━━━━━ Supplied data ━━━━━
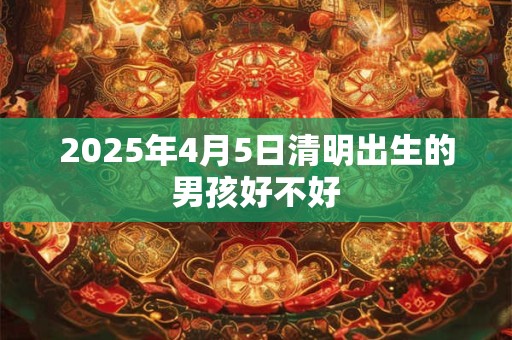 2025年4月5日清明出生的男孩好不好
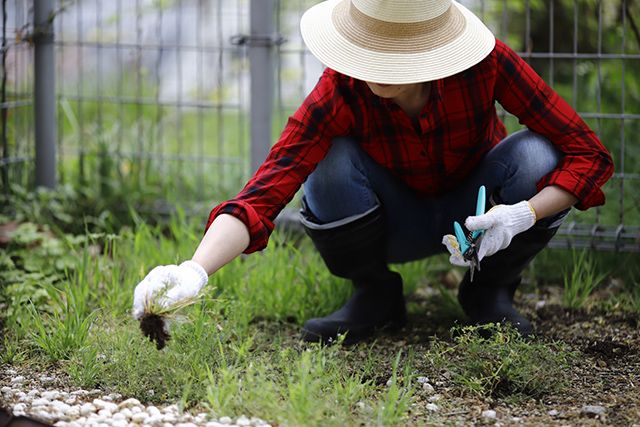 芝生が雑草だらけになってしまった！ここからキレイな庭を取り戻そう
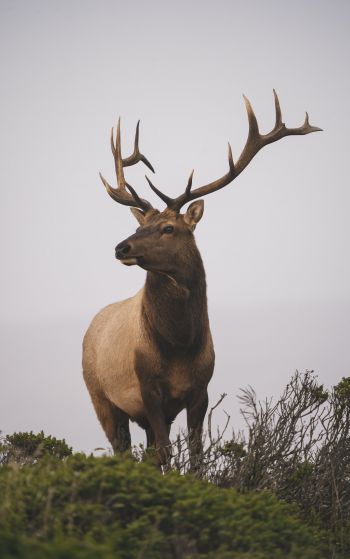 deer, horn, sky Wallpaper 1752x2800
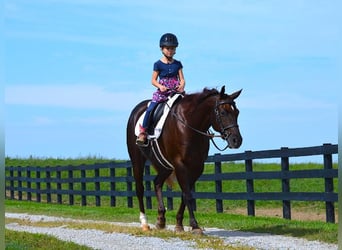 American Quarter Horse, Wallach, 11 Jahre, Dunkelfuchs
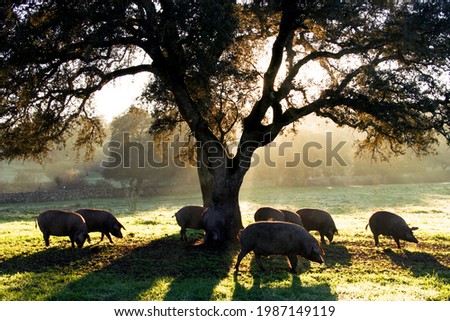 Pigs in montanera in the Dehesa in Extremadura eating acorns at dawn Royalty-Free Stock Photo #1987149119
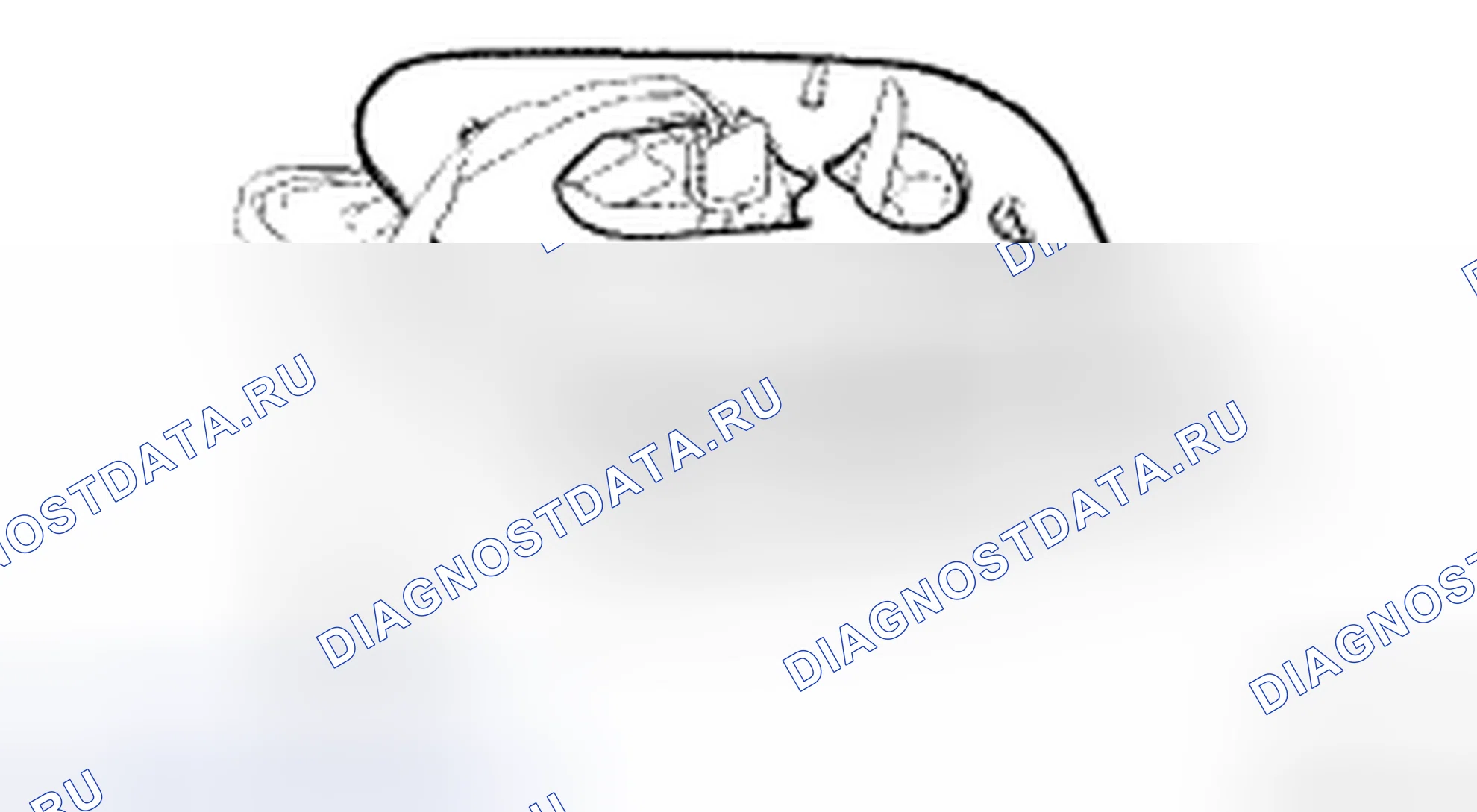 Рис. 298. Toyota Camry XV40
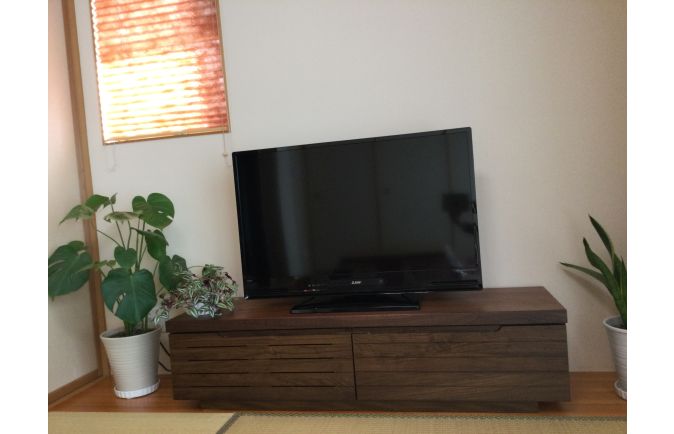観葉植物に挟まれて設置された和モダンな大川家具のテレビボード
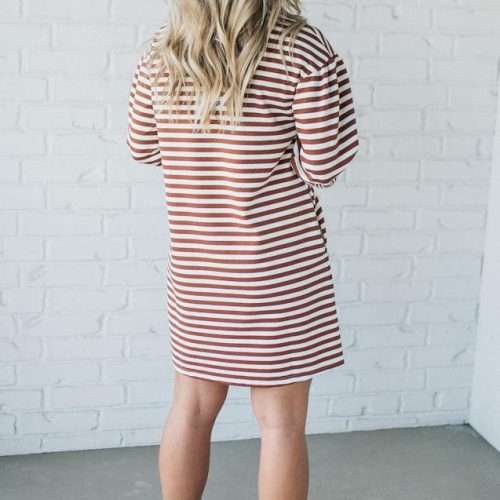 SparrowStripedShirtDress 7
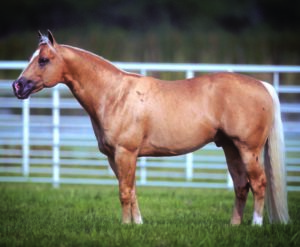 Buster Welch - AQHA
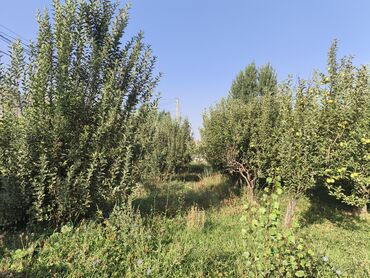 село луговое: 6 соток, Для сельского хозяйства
━━━━━
━━━━━ Supplied data ━━━━━
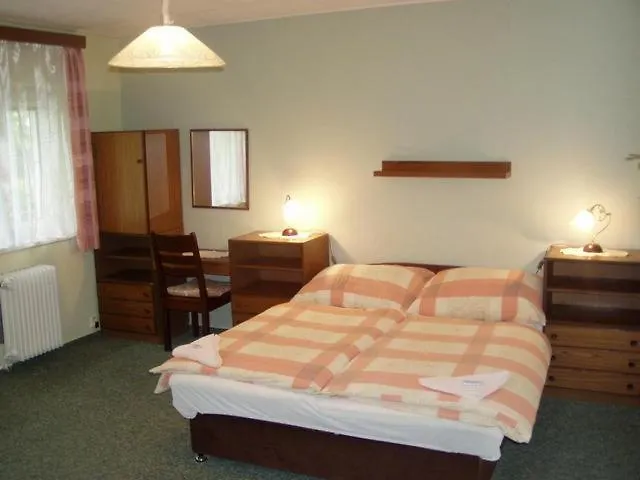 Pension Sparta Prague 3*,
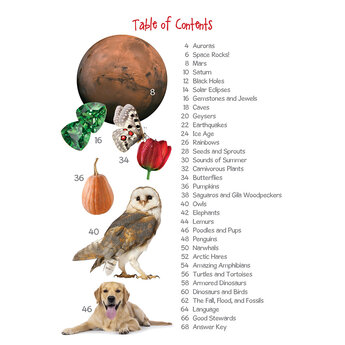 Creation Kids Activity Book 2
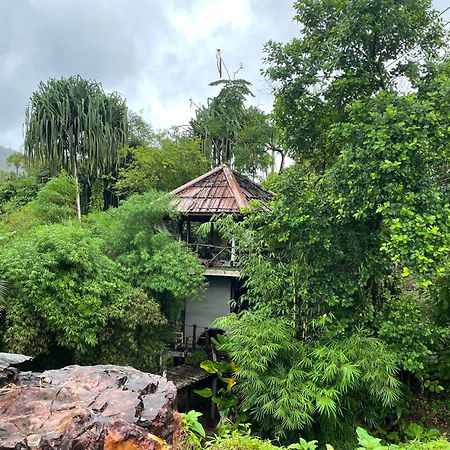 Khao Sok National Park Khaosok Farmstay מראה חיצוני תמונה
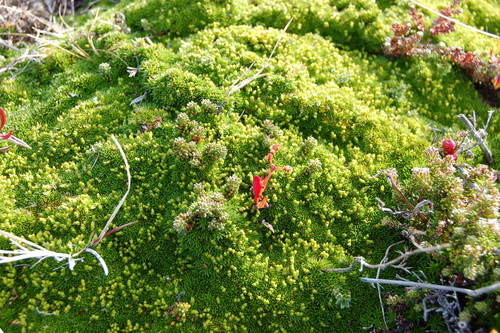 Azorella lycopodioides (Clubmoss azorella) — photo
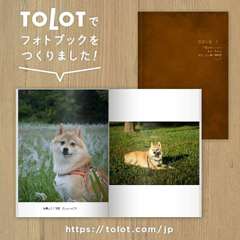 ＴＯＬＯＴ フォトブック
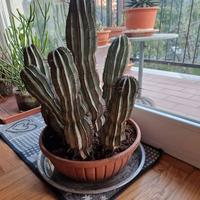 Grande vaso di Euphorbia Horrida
━━━━━
Give back exactly the lines above that run from the one with "Creation Kids Activity Book 2" to the one with "Grande vaso di Euphorbia Horrida", including both, with the pictures left out.

 Creation Kids Activity Book 2
 Khao Sok National Park Khaosok Farmstay מראה חיצוני תמונה
 Azorella lycopodioides (Clubmoss azorella) — photo
 ＴＯＬＯＴ フォトブック
 Grande vaso di Euphorbia Horrida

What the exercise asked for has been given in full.